Task to carry out:
Repeat the listing below word for word, minus the pictures.

Data:
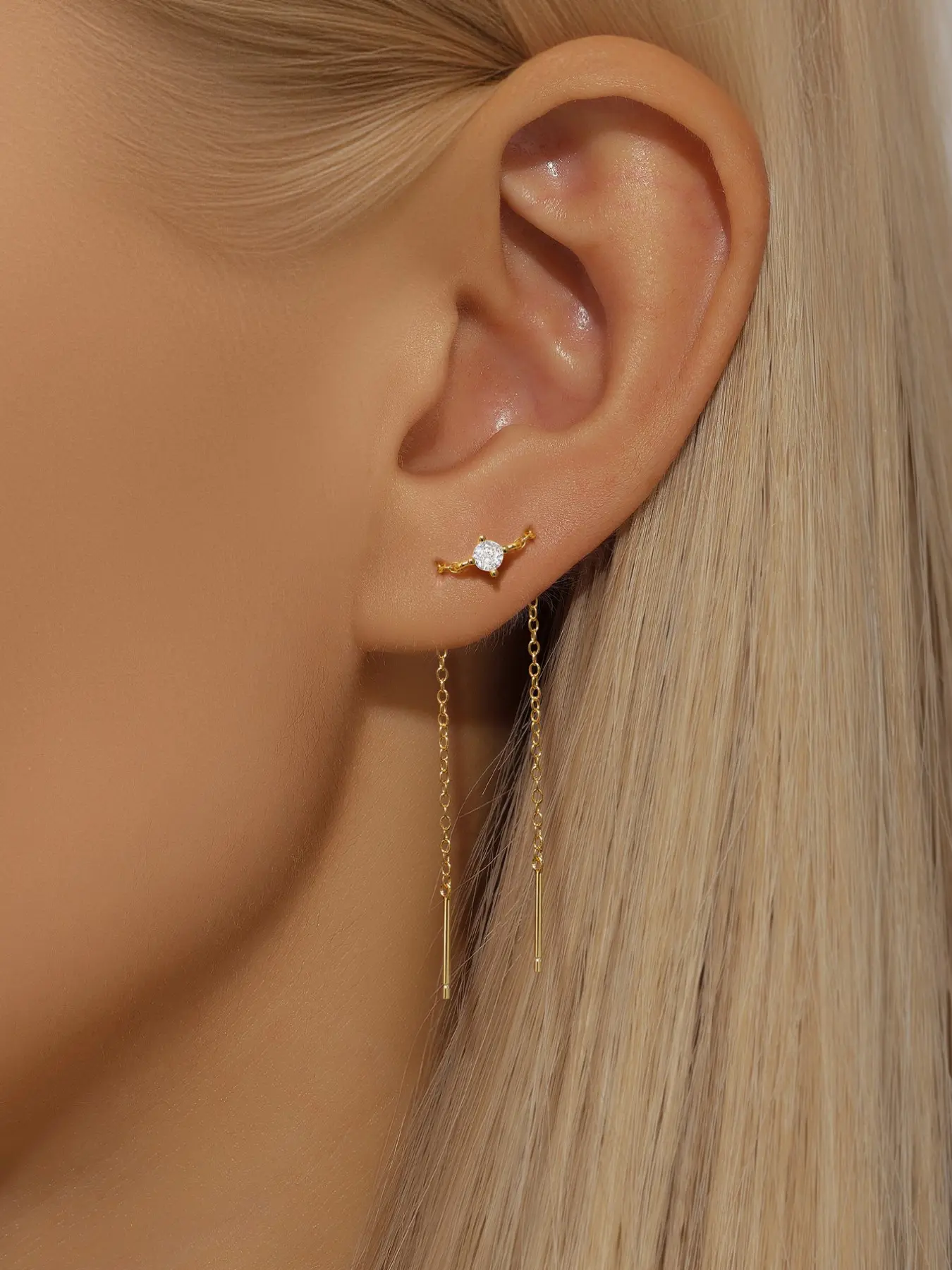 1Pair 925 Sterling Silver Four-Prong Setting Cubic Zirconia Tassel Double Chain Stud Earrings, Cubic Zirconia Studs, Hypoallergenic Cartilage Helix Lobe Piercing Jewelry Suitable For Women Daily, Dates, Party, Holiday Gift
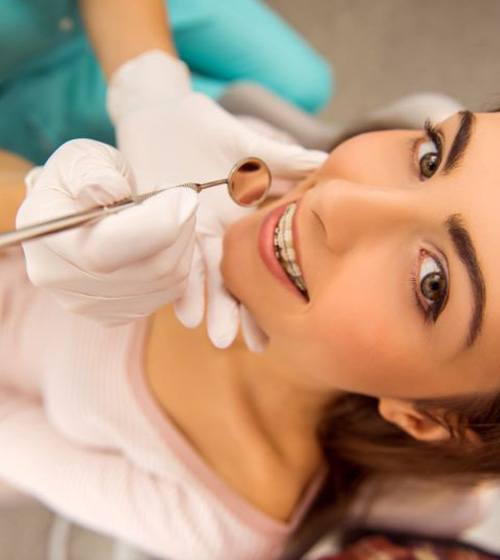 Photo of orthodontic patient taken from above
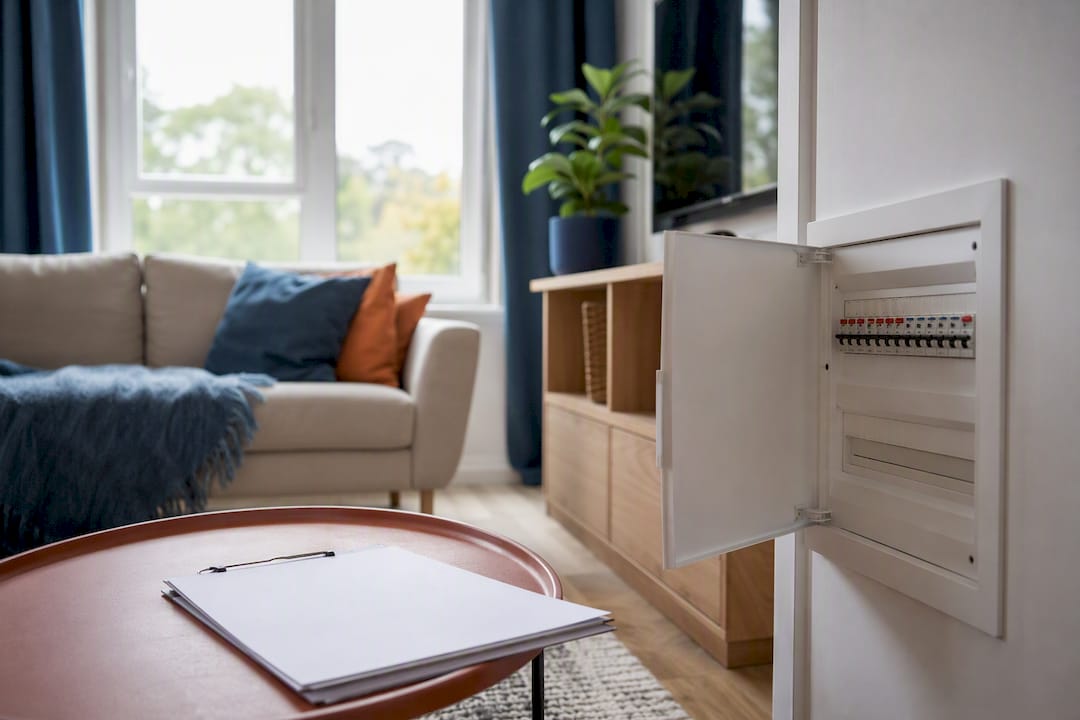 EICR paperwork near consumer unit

Your response:
 1Pair 925 Sterling Silver Four-Prong Setting Cubic Zirconia Tassel Double Chain Stud Earrings, Cubic Zirconia Studs, Hypoallergenic Cartilage Helix Lobe Piercing Jewelry Suitable For Women Daily, Dates, Party, Holiday Gift
 Photo of orthodontic patient taken from above
 EICR paperwork near consumer unit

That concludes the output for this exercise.